Activity = All of the data that appears below is to be given again precisely as written.

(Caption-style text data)
====================

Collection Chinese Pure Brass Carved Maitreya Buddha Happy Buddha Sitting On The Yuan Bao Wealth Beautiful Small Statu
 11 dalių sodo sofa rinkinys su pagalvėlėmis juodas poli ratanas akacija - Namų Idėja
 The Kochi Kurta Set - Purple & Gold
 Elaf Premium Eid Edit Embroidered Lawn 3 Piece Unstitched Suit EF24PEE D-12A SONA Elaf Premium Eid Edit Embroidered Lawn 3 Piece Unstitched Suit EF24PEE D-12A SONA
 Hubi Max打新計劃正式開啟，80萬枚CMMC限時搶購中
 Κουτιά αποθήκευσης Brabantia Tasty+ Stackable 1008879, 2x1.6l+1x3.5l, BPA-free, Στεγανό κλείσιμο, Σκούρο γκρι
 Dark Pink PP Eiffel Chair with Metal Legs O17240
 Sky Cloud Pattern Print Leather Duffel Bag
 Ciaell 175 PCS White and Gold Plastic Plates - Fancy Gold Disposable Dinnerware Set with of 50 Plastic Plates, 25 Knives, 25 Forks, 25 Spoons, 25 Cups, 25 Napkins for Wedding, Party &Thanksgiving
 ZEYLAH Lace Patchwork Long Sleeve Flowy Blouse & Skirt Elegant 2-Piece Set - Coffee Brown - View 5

====================

Response to this exercise =
Collection Chinese Pure Brass Carved Maitreya Buddha Happy Buddha Sitting On The Yuan Bao Wealth Beautiful Small Statu
 11 dalių sodo sofa rinkinys su pagalvėlėmis juodas poli ratanas akacija - Namų Idėja
 The Kochi Kurta Set - Purple & Gold
 Elaf Premium Eid Edit Embroidered Lawn 3 Piece Unstitched Suit EF24PEE D-12A SONA Elaf Premium Eid Edit Embroidered Lawn 3 Piece Unstitched Suit EF24PEE D-12A SONA
 Hubi Max打新計劃正式開啟，80萬枚CMMC限時搶購中
 Κουτιά αποθήκευσης Brabantia Tasty+ Stackable 1008879, 2x1.6l+1x3.5l, BPA-free, Στεγανό κλείσιμο, Σκούρο γκρι
 Dark Pink PP Eiffel Chair with Metal Legs O17240
 Sky Cloud Pattern Print Leather Duffel Bag
 Ciaell 175 PCS White and Gold Plastic Plates - Fancy Gold Disposable Dinnerware Set with of 50 Plastic Plates, 25 Knives, 25 Forks, 25 Spoons, 25 Cups, 25 Napkins for Wedding, Party &Thanksgiving
 ZEYLAH Lace Patchwork Long Sleeve Flowy Blouse & Skirt Elegant 2-Piece Set - Coffee Brown - View 5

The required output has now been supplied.